Hiçbir şey bilmiyordum ama amansız mucizeler çağının hâlâ geçmediği inancında direniyordum.” Böyle söylüyordu Kevin, Solaris’te. Çünkü insanoğlu her daim ufkunun sınırlarının, aslında olduğunu düşündüğü yerden hep daha ötede olduğu bilgisine şaşırmakla kaimdi. Aklınsa gördüğünden ötesi yokmuş gibi aciz bir çıkarım refleksi vardır ne yazık ki. Mucizeler her zaman imkân dâhilindedir. Stanislaw Lem, Solaris’te asıl karakteri Kevin’e insanlığın bir çağa indirgediği ve batıllaştırmaya çabaladığı mucizenin zamandan münezzeh ve aslında hemen yanı başında olduğunu idrak ettiriyor. Yani yaşayan gezegen Solaris’te. Artık Kevin’in bir vazifeyle geldiği bu gezegende, ölmüş eşini yahut bir başka deyişle kendi mucizesini görmesi için tek yapması gereken göz kapaklarını açmak.
NEDEN YAZDI?
Lem, bir imkân gördü. İnsanı insana anlatmak için, insanın sınırlarını zorlaması onun keşfettiği bir imkândı. Aslında bütün bu bilimkurgu çalımları hikâyeyi başa yani olması gereken yere, öze getirmek içindir. Modern romanın insanı içine soktuğu çukur ve sanayi devrimi sonrası hızlı şehirleşmeyle ortaya çıkan ve günümüzde metropol yalnızlığına evrilen, kalabalıklar içindeki yalnız ve bir o kadar da inançsız adam buhranı nasıl da uzaklaştırmıştı insanı kendi hikâyesinden, gerçek acılarından. Bilimkurgu ve fantastik bir kaçış değil bir öze dönüş edebiyatıdır. Şimdi siz söyleyin; hangisi daha gerçek? Metropolde çekilen varoluş sancısı mı? Yoksa bir gezegende yalnızken çekilen var oluş sancısı mı? Bana kalırsa ikincisi insana hakikati keşfettirebilecekken ilki sadece miadı geçmiş roman yazdırabilir.
NEREDE YAZDI?
Tam olması gereken yerde, bir kapsülün içinde Solaris’te. Çünkü böylesi net bir eser üretmek için bizzat merkezde olması gerekir yazarın. Öylesine merkezdeki gerçek olamayacak kadar. Bir de ilginç anekdot; Philip K. Dick asla inanmadı Stanislaw Lem’in varlığına. Tek bilinçten böylesi eserler çıkması mümkün değildi ona göre. Sovyet Rusya’nın çektiği bir numaraydı Stanislaw Lem. Tıpkı uzay savaşlarında olan biten her şey gibi.
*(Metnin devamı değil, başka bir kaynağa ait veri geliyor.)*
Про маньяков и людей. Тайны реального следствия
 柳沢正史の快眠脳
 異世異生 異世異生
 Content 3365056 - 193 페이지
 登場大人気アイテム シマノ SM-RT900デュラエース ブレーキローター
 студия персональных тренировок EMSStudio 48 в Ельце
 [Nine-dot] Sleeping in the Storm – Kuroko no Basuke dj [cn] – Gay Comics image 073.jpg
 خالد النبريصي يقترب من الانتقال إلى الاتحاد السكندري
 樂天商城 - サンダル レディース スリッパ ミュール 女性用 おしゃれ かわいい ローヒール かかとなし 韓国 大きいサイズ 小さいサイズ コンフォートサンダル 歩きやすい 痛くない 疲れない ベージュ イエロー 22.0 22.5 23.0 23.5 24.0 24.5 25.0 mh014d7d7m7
Kimileri hastalığına veriyor Dick’in, kimileri Amerikan körlüğüne. Ama pür berrak görünen bir şey var ki Dick’in bu söylemi, inkârı bir yergi veya görmezden gelme değil ancak övgüdür.
NASIL YAZDI?
Modern psikolojik romanın üstüne fantastik ve bilimkurguyu harmanlayarak çıktı Stanislaw Lem. Üstelik hiçbirinden de ödün vermeden gerçekleştirdi bunu. Solaris, yüzde yüz bilim kurgu, yüzde yüz fantastik ve yine yüzde yüz psikolojik bir romandır. Teknik açıdan kat edilen bu başarının yanı sıra üslup bakımından nadir bir atmosferi okura sunacak kaliteye sahip bir eser Solaris.
NE ZAMAN YAZDI?
İlk bilimkurgu ürünlerini 50’li yıllarda üretti Lem. Tarihler 1961’i gösterdiğinde ustalık eseri Solaris’i yazmıştı. Lem’in eserleri kısa sürede 40’tan fazla dile çevrildi ve 20 milyonun üzerinde sattı. 72 senesinde usta yönetmen Andrei Tarkovski talip oldu Solaris’e. Hakkında çok konuşuldu, çok yazıldı. 57 yıl sonra bugün bile Solaris dikkatle bakan okurların gözünden asla kaçmayacak gökyüzündeki o mucizevi gezegen olarak varlığını sürdürüyor.
SOLARIS
Her insan tekinin, en eski acıları, yinelendikçe gülünçleşerek sürekli daha da derinleşen en eski acıları yeni baştan yaşadığı düşüncesine alışmak zorunda mıydık? İnsan varoluşu kendini yinelemek zorunda olabilirdi, buna diyecek yoktu, ama dillere pelesenk olmuş bayat bir ezgi gibi ya da sarhoşun birinin plak dolabına tekliği bastırıp durmadan çaldığı bir şarkı gibi yinelenecekse... Bu sıvı dev yüzlerce insanın canını almıştı. Tüm insan soyu onunla incir çekirdeğini doldurmayacak bir bağ kurabilmek için boşuna çabalamıştı, şimdi de benim ağırlığımı bir toz zerresini umursadığından daha çok umursamıyordu. İki insan bireyinin trajedisine de bir tepki verebileceğini sanmıyordum. Ama yine de bütün etkinliklerinin bir ereği vardı... Doğru, kesinlikle emin değildim, ama belki sonsuz küçüklükte, belki yalnızca düşsel de olsa yine bir fırsatı tepmek olacaktı çekip gitmek... Öyleyse burada, ikimizin de dokunduğu nesnelerin arasında, Rheya’nın da soluduğu havayı soluyarak mı yaşamalıydım artık? Ne adına? Onun dönmesi umuduyla mı? Hiçbir şey ummuyordum. Ama yine de, yine de bir beklentiyle yaşıyordum. O gittiğine göre geriye bu kalmıştı yalnızca. Beni hangi başarıların, hangi gizli alayların, hatta daha hangi işkencelerin beklediğini bilmiyordum. Hiçbir şey bilmiyordum ama amansız mucizeler çağının hâlâ geçmediği inancında direniyordum.